**ACTIVITY:** Only one stretch of the data below is wanted: the lines from the one with "Saeco Milchbehälter ohne" through the one with "KIA Picanto 1.0 2014", repeated exactly.

**GIVEN INFORMATION:**
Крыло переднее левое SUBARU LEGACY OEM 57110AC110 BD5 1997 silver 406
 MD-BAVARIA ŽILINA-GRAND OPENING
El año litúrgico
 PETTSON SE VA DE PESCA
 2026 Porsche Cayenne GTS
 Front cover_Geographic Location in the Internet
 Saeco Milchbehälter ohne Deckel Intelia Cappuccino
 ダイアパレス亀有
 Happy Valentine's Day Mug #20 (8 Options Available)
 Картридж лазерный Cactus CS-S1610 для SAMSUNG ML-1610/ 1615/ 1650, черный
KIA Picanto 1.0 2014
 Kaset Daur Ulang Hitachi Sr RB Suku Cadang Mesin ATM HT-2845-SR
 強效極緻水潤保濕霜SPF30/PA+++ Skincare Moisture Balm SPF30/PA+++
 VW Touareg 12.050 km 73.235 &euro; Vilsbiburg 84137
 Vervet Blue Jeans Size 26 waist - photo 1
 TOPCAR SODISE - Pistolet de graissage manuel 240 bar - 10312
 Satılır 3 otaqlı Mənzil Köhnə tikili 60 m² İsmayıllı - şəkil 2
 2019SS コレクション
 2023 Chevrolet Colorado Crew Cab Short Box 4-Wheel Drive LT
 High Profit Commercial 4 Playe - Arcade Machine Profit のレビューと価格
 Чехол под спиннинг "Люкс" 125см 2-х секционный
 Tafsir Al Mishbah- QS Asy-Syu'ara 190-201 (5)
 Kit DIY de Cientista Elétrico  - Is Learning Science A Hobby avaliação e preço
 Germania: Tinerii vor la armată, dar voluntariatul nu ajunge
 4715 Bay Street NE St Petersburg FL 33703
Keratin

**WRITTEN RESPONSE:**
 Saeco Milchbehälter ohne Deckel Intelia Cappuccino
 ダイアパレス亀有
 Happy Valentine's Day Mug #20 (8 Options Available)
 Картридж лазерный Cactus CS-S1610 для SAMSUNG ML-1610/ 1615/ 1650, черный
KIA Picanto 1.0 2014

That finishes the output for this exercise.